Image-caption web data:

##############################

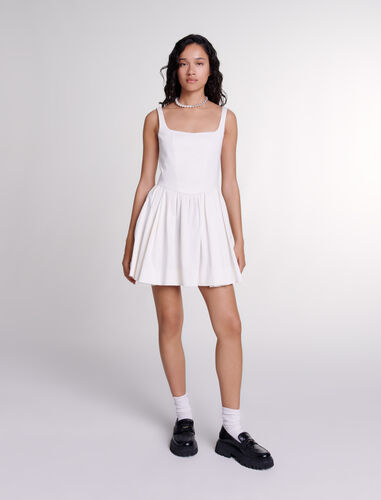 Short cotton dress : Dresses color White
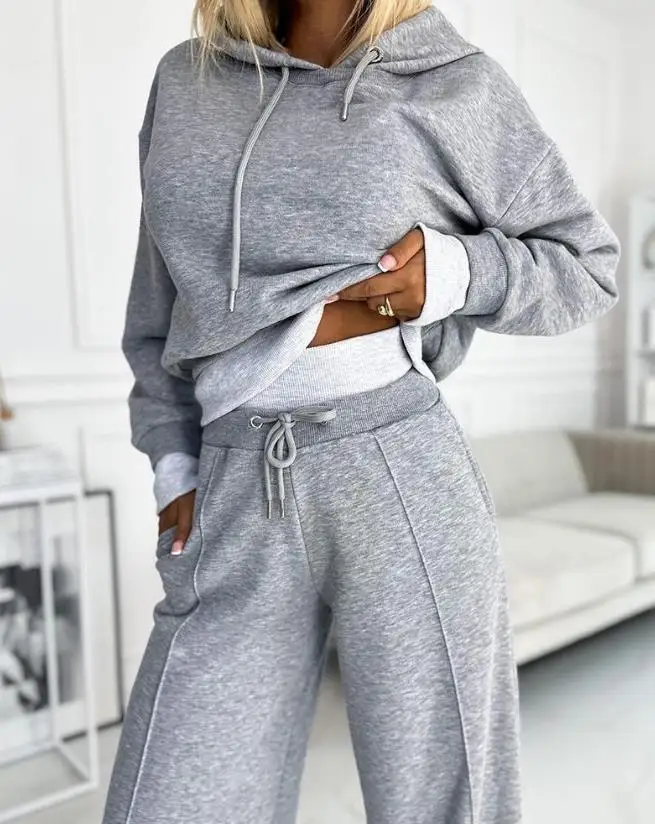 Two Piece Set Women Outfit 2023 Autumn Fashion Fake Two Piece Long Sleeve Hoodie & Casual Drawstring Pocket Wide Leg Pant Set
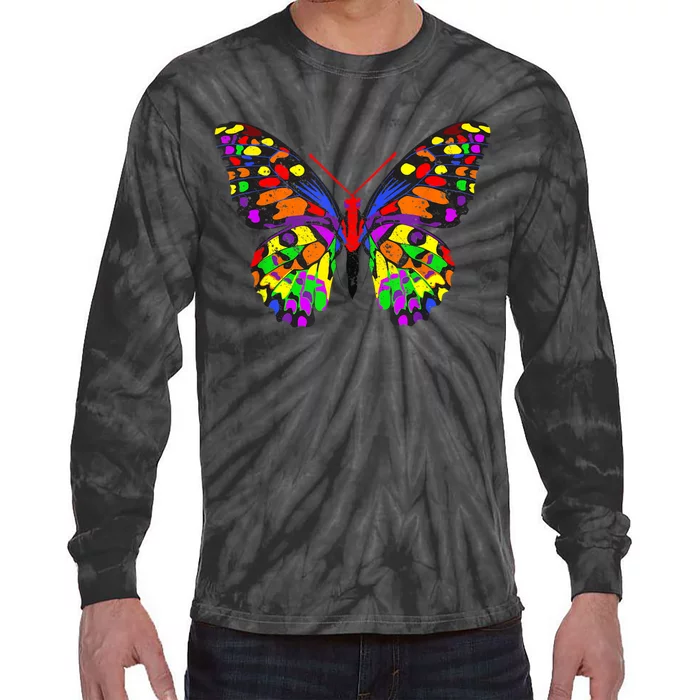 Rainbow Butterflies Monarch Butterfly Tie-Dye Long Sleeve Shirt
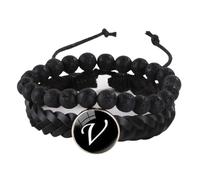 LIUYUYOUGO Bracelet Chakra Bracelet En Cuir Pour Homme Avec Initiales 2 Pièces Perles En Pierre Naturelle Cristal De Lave Noir Breloques Pour Femme Lettres Az Bracelets Tressé Double Couche Bracel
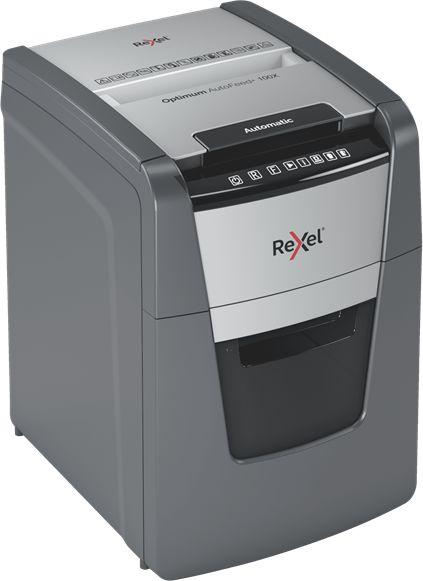 Уничтожитель бумаг Rexel Optimum AutoFeed 100X, с автоподачей, P-4, 4х28 мм, 100 лист. одновременно, 34л [2020100xeu]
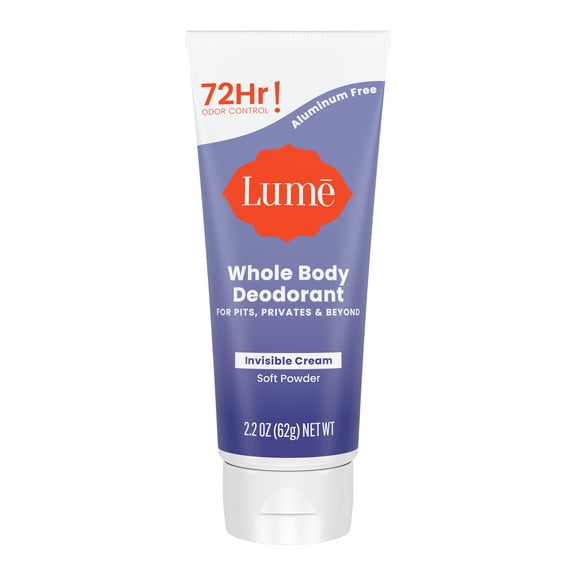 Lume Whole Body Women’s Deodorant - Invisible Cream - Aluminum Free - Soft Powder - 2.2oz Tube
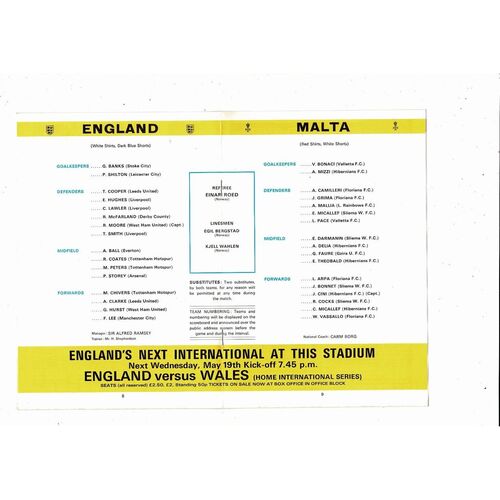 1971 England v Malta Football Programme
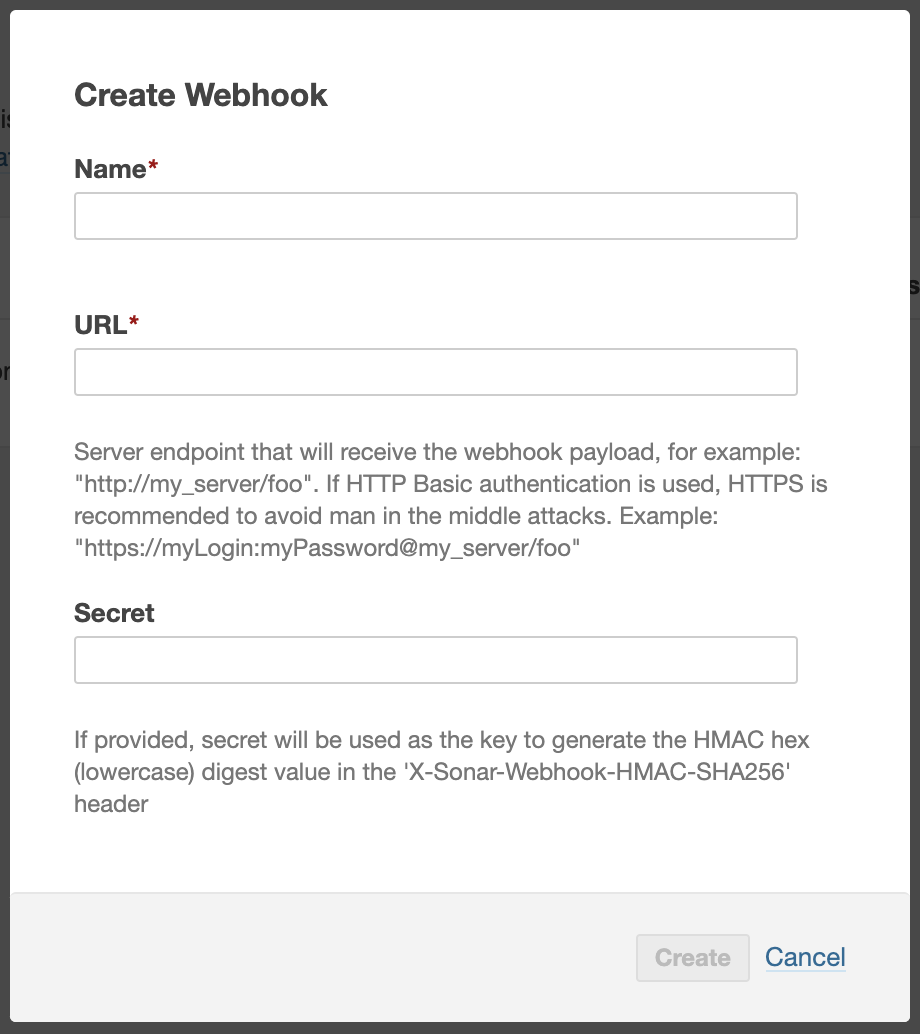 Sonar Create Webhook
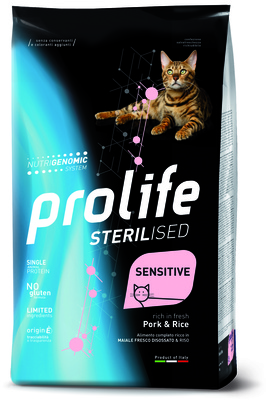 Prolife ВИА Сухой корм для кошек Sterilised Sensitive Свинина и Рис ZCD35836, 0,400 кг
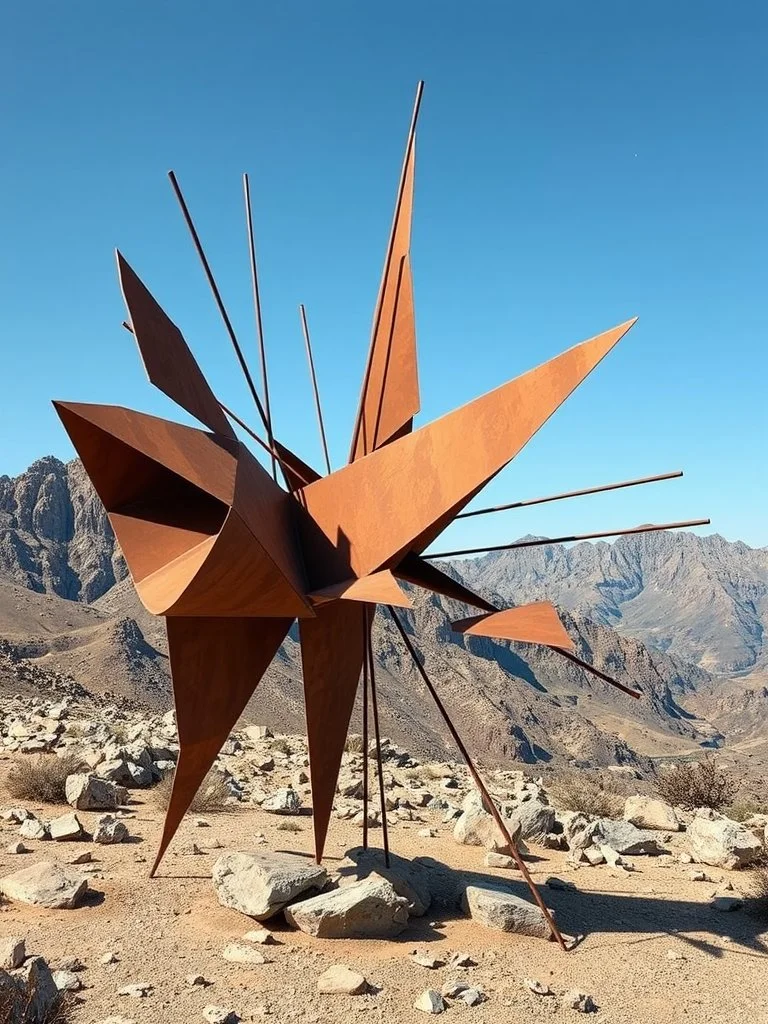 Abstract metal sculpture with pointed and angular shapes in a desert landscape, mountains in the background, under a clear blue sky.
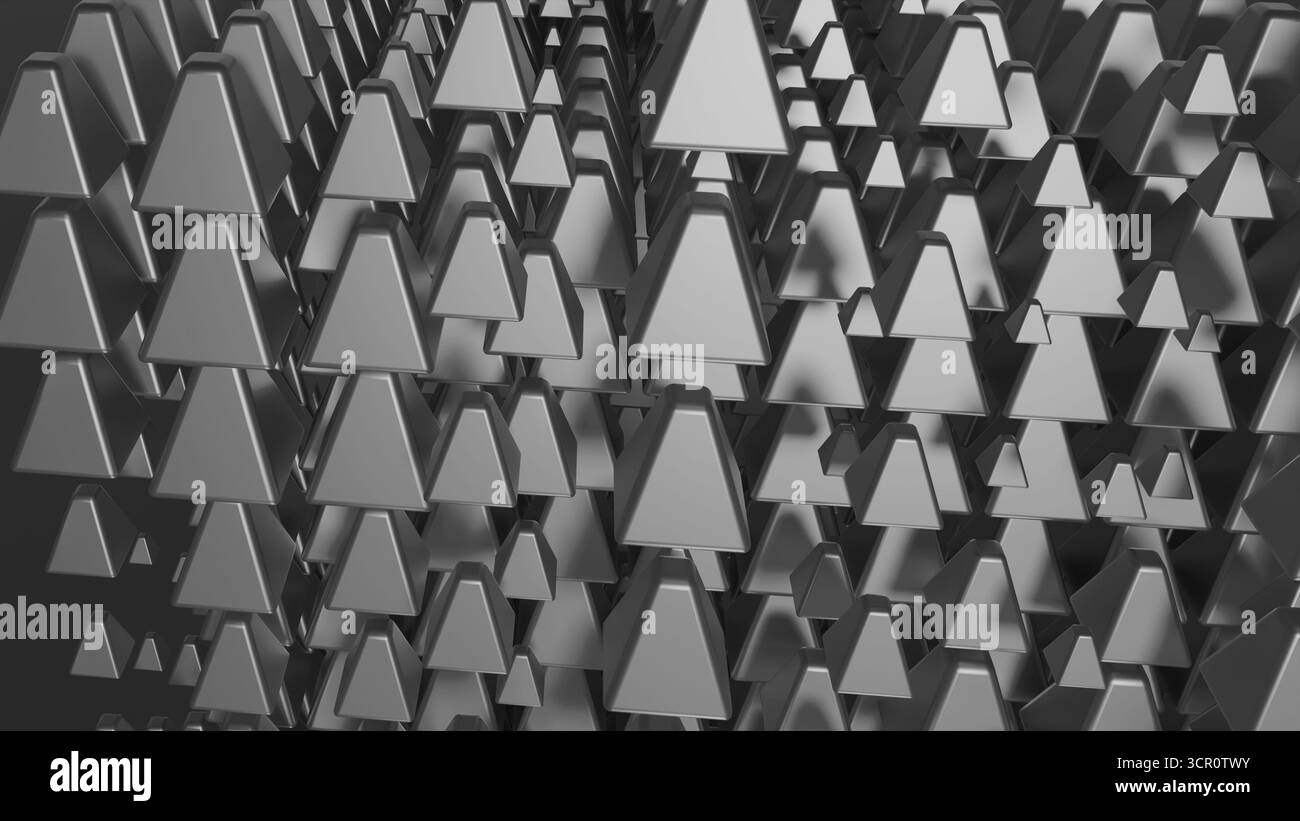 una moltitudine di forme triangolari riempie lo spazio, disposte in modo ordinato. I colori blu esaltano la moderna sensazione astratta, creando profondità Foto Stock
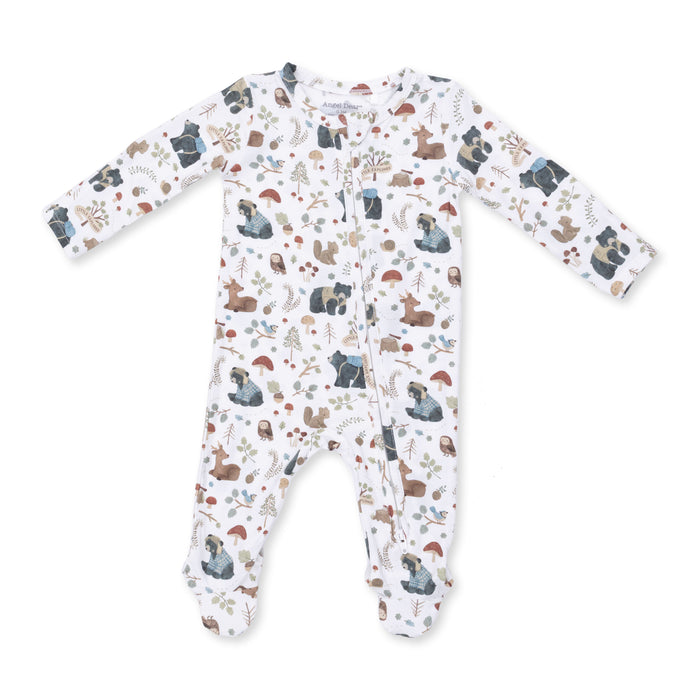 2 Way Ruffle Back Zipper Footie-Woodland Animals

##############################

Task directions: Return the records above verbatim, leaving out images.

The completed task:
 Short cotton dress : Dresses color White
 Two Piece Set Women Outfit 2023 Autumn Fashion Fake Two Piece Long Sleeve Hoodie & Casual Drawstring Pocket Wide Leg Pant Set
 Rainbow Butterflies Monarch Butterfly Tie-Dye Long Sleeve Shirt
 LIUYUYOUGO Bracelet Chakra Bracelet En Cuir Pour Homme Avec Initiales 2 Pièces Perles En Pierre Naturelle Cristal De Lave Noir Breloques Pour Femme Lettres Az Bracelets Tressé Double Couche Bracel
 Уничтожитель бумаг Rexel Optimum AutoFeed 100X, с автоподачей, P-4, 4х28 мм, 100 лист. одновременно, 34л [2020100xeu]
 Lume Whole Body Women’s Deodorant - Invisible Cream - Aluminum Free - Soft Powder - 2.2oz Tube
 1971 England v Malta Football Programme
 Sonar Create Webhook
 Prolife ВИА Сухой корм для кошек Sterilised Sensitive Свинина и Рис ZCD35836, 0,400 кг
 Abstract metal sculpture with pointed and angular shapes in a desert landscape, mountains in the background, under a clear blue sky.
 una moltitudine di forme triangolari riempie lo spazio, disposte in modo ordinato. I colori blu esaltano la moderna sensazione astratta, creando profondità Foto Stock
 2 Way Ruffle Back Zipper Footie-Woodland Animals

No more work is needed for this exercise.